• **What is being asked**
Please copy the lines below, exactly as they are, from the one with "N SPORT スムーズスライド 底止めタイプバケットシート用シートレール" through the one with "MICHAEL KORS 2wayショルダーバッグ 黒 正面", and leave out the pictures.

★ ★ ★ ★

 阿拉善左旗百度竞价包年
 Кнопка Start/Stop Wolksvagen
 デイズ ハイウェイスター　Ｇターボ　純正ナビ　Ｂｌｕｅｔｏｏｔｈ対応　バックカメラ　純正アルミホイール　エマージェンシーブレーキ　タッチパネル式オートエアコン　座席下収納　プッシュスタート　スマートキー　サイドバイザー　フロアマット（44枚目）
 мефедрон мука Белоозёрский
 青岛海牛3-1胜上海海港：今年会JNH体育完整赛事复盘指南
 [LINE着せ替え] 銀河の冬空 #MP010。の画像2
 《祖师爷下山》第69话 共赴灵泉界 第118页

★ ★ ★ ★

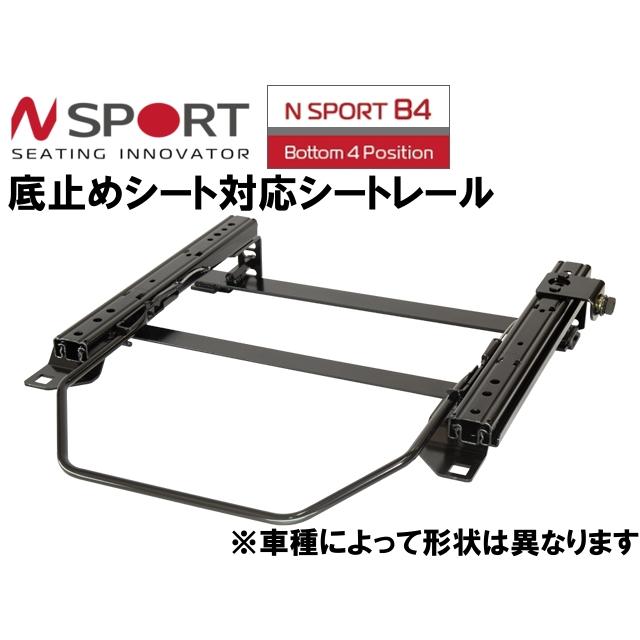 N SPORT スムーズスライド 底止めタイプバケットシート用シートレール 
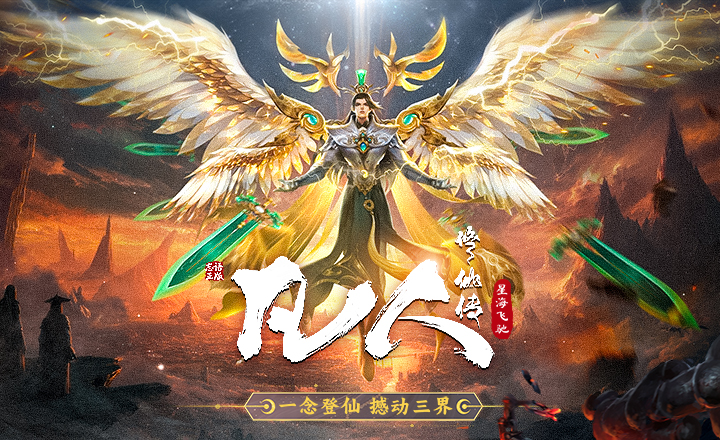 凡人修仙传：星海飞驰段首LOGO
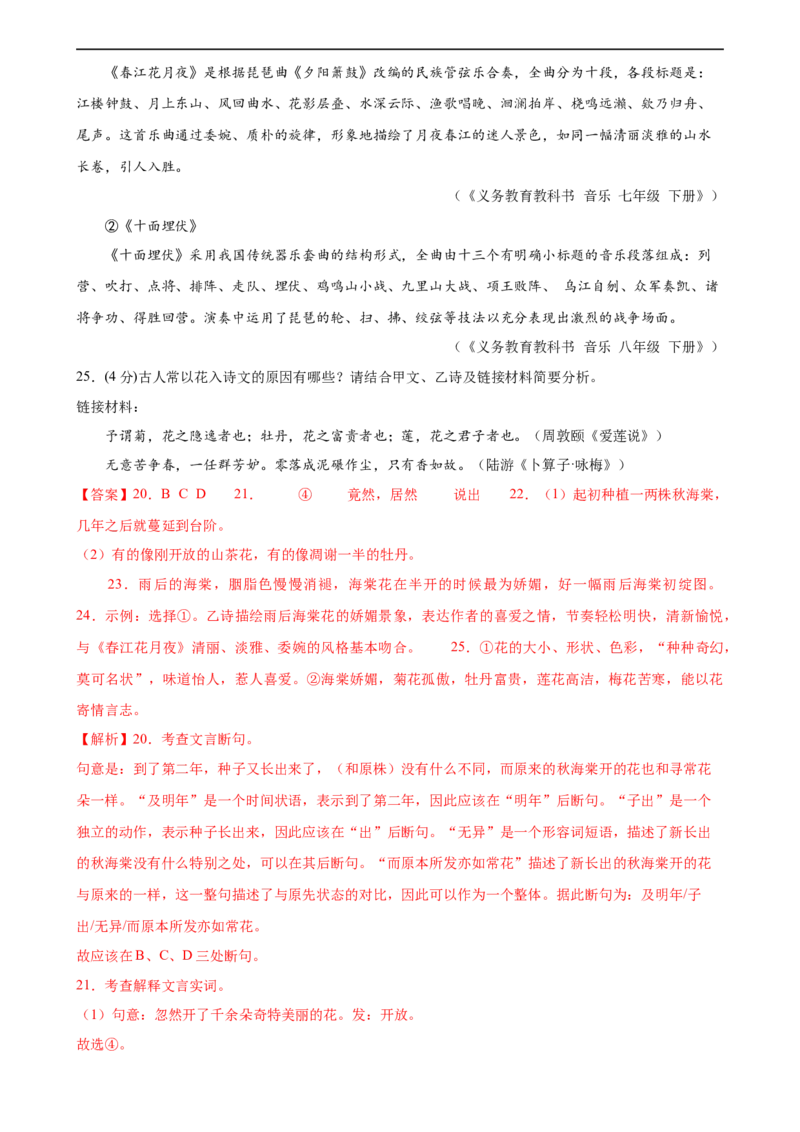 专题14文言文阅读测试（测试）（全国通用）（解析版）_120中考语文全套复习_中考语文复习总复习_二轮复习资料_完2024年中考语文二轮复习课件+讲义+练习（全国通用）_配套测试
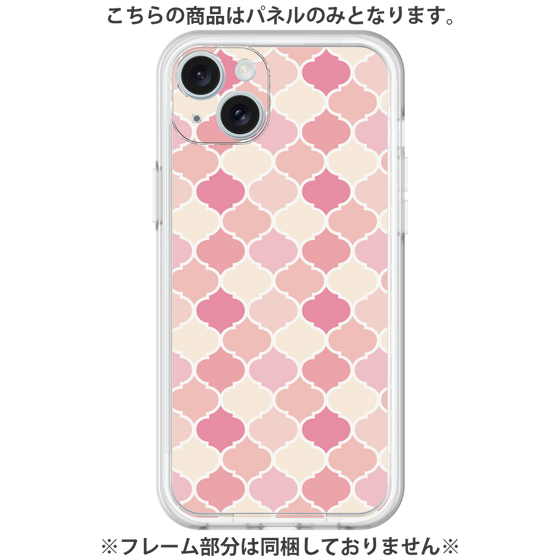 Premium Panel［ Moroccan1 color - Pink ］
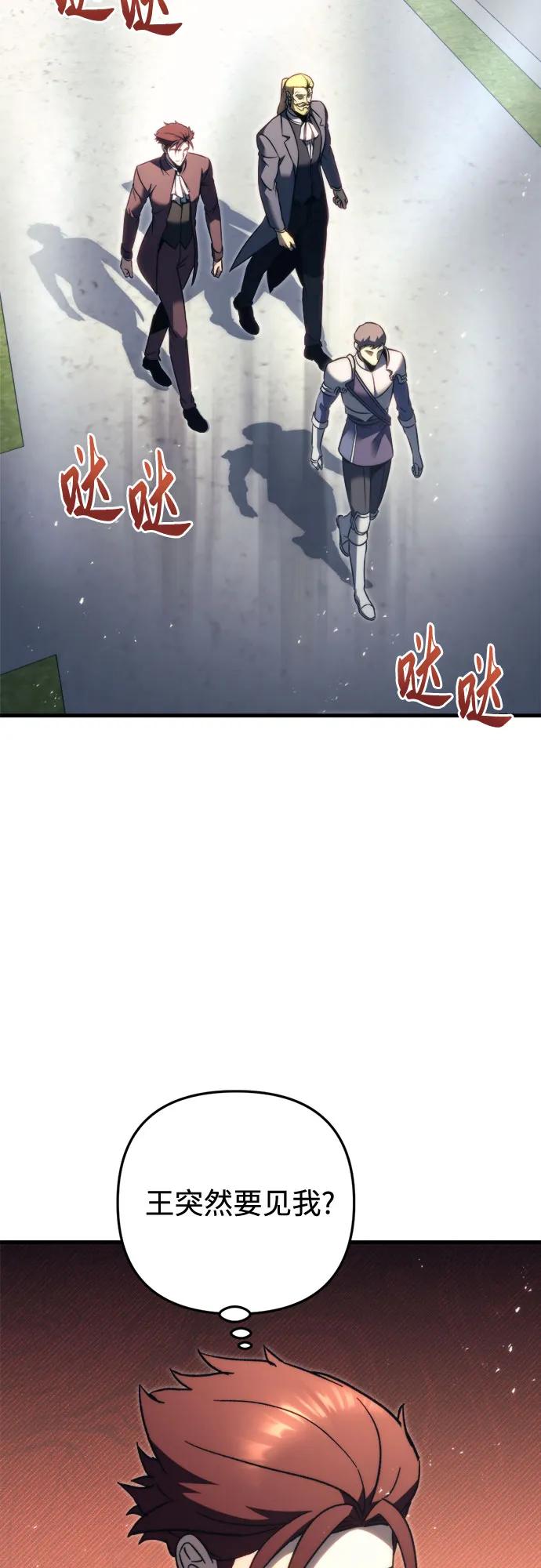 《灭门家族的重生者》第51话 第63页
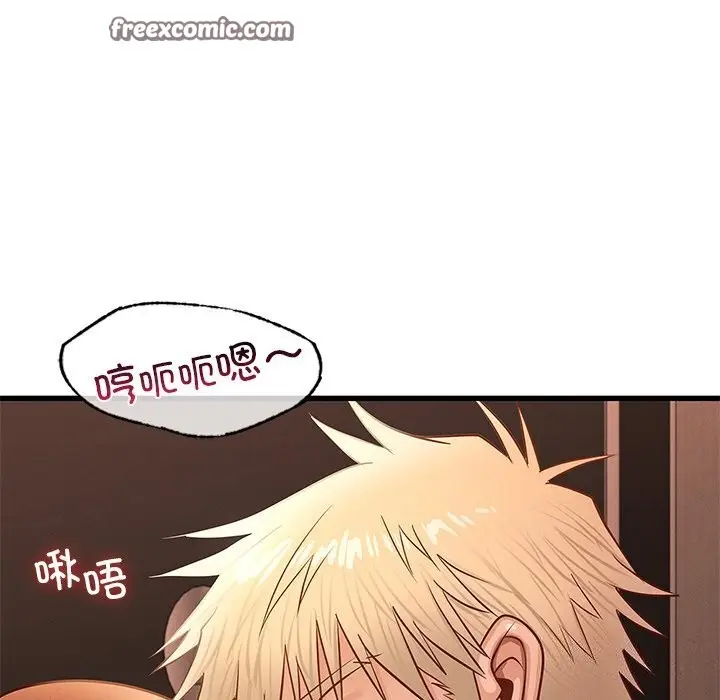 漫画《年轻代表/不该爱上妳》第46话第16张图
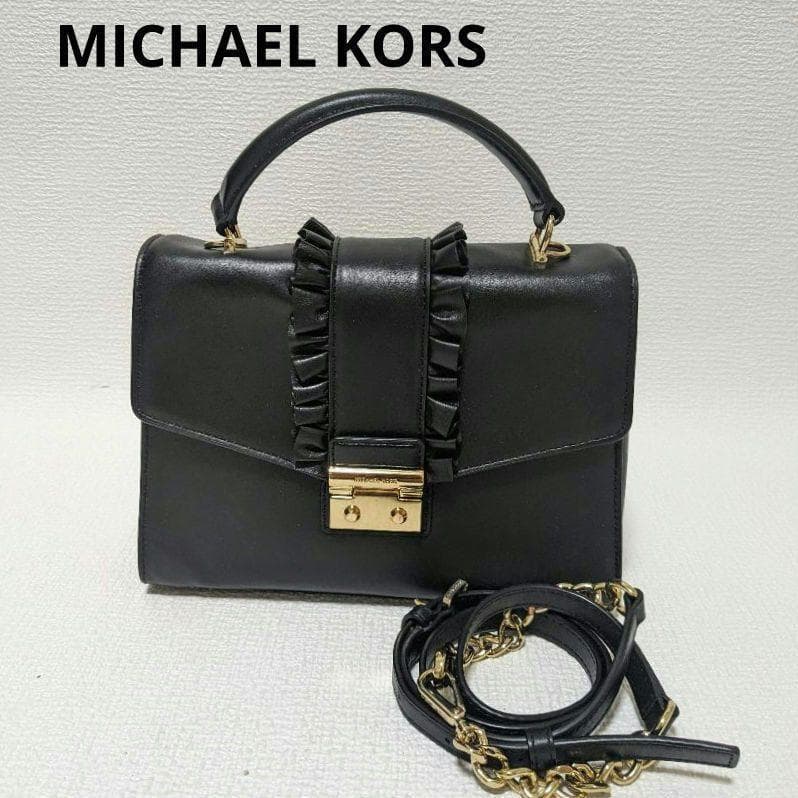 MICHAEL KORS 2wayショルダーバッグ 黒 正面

★ ★ ★ ★

• **Task answer**
 N SPORT スムーズスライド 底止めタイプバケットシート用シートレール 
 凡人修仙传：星海飞驰段首LOGO
 专题14文言文阅读测试（测试）（全国通用）（解析版）_120中考语文全套复习_中考语文复习总复习_二轮复习资料_完2024年中考语文二轮复习课件+讲义+练习（全国通用）_配套测试
 Premium Panel［ Moroccan1 color - Pink ］
 《灭门家族的重生者》第51话 第63页
 漫画《年轻代表/不该爱上妳》第46话第16张图
 MICHAEL KORS 2wayショルダーバッグ 黒 正面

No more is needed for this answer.